In April 2012, the United Nations cancelled a proposed international conference on the reunification of Cyprus, and Greek and Turkish Cypriot leaders continued to blame each other for lack of progress in negotiations. Meanwhile, conflicts over oil and gas drilling in disputed waters remained a source of tension between Cyprus and Turkey throughout the year.
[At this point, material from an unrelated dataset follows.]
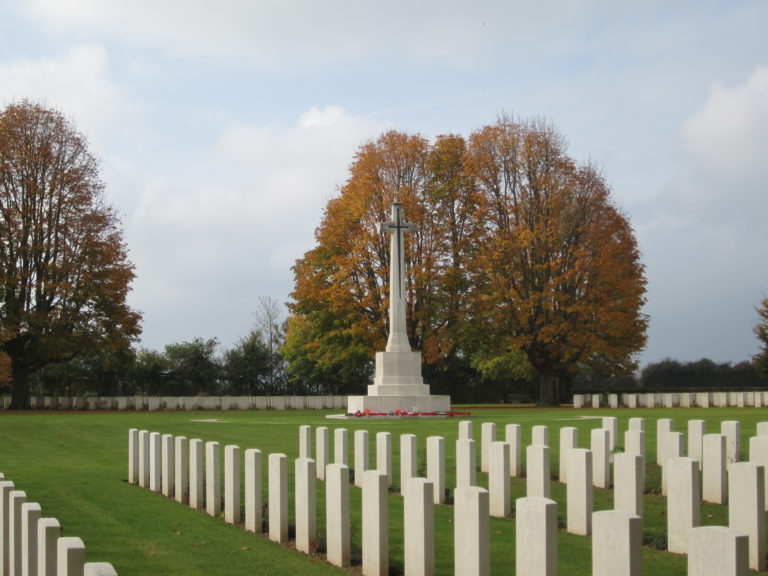 Cimetière militaire de Bayeux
Cyprus, populated by ethnic Greeks and Turks, gained independence from Britain in 1960. Inter-ethnic relations were tense, and UN peacekeepers were sent to Cyprus in 1964. In July 1974, Greek Cypriot National Guard members staged an unsuccessful coup whose goal was to unite Cyprus with Greece. In response, Turkey, claiming it was protecting the ethnic Turkish minority, sent in troops, gaining control of 37 percent of the island and expelling 200,000 Greek Cypriots from the northern part. Cyprus has since been de facto divided by a UN-patrolled buffer zone known as the Green Line. In 1983, the Turkish-controlled area declared independence, calling itself the Turkish Republic of Northern Cyprus (TRNC). UN resolutions stipulate that Cyprus is a single country and that the Turkish occupation is illegal. Only Turkey recognizes the TRNC as an independent state.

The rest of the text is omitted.